Saved data entries:
####################

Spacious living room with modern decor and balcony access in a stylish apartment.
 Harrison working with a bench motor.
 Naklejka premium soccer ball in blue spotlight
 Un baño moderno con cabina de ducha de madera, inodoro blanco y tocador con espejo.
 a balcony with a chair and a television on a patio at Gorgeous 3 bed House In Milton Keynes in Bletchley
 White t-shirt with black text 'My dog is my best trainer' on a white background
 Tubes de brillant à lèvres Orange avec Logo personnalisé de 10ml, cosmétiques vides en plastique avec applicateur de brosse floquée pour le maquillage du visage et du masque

####################

The required output is the lines from the one holding "White t-shirt with" through the last line of the entries above, copied exactly.

 White t-shirt with black text 'My dog is my best trainer' on a white background
 Tubes de brillant à lèvres Orange avec Logo personnalisé de 10ml, cosmétiques vides en plastique avec applicateur de brosse floquée pour le maquillage du visage et du masque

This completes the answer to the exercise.